→ EXERCISE INPUTS
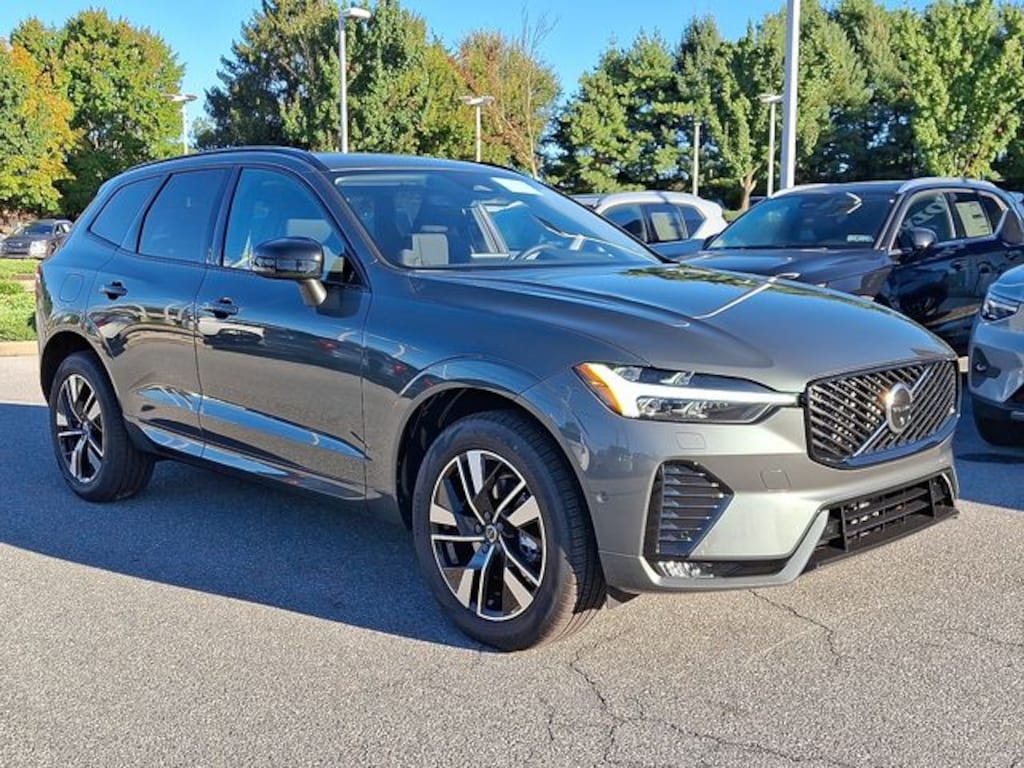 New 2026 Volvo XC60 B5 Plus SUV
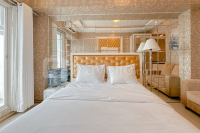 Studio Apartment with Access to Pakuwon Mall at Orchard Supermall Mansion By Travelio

---

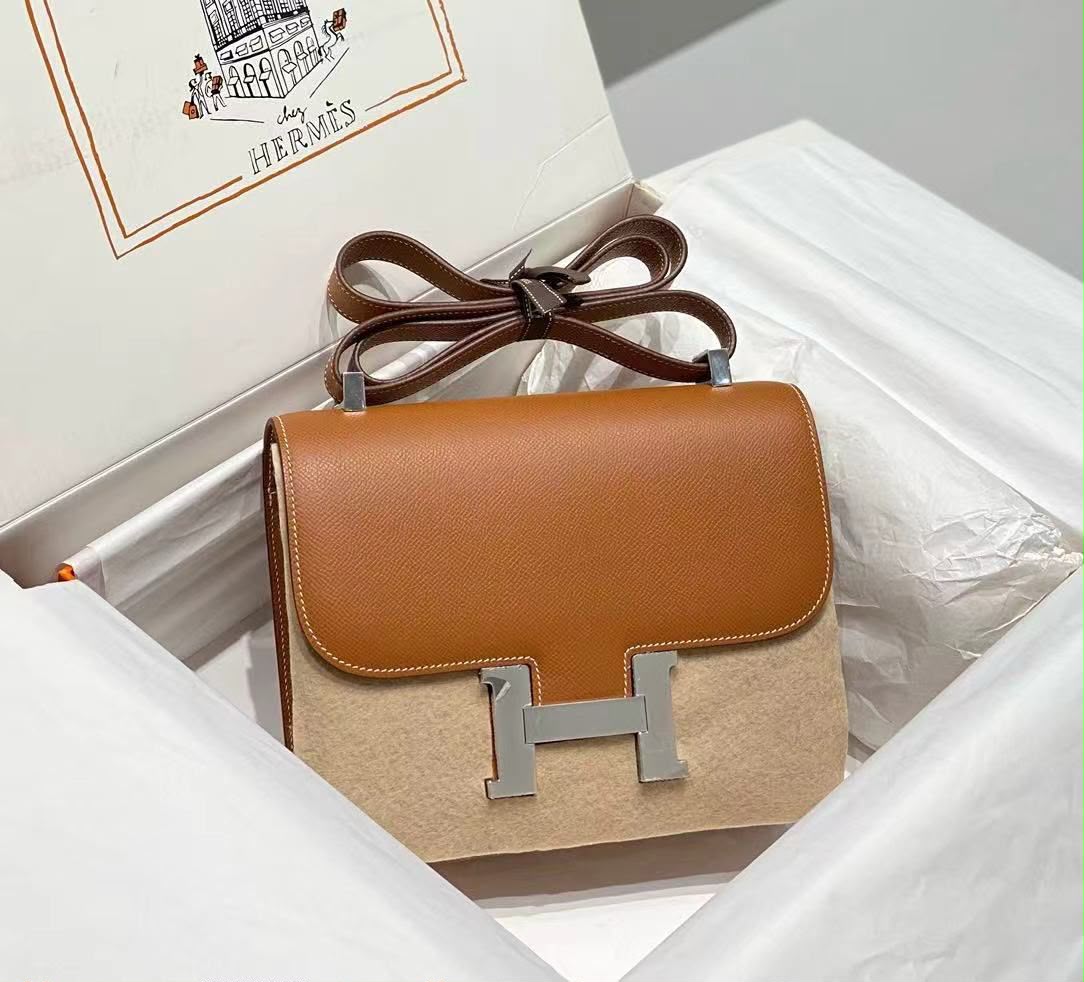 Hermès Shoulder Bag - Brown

→ PROBLEM DETAILS
Treat the line with "New 2026 Volvo XC60 B5 Plus SUV" as the start and the line with "Studio Apartment with" as the end, and return exactly that span of the data above, both ends included, without pictures.

→ EXERCISE SOLUTION
 New 2026 Volvo XC60 B5 Plus SUV
 Studio Apartment with Access to Pakuwon Mall at Orchard Supermall Mansion By Travelio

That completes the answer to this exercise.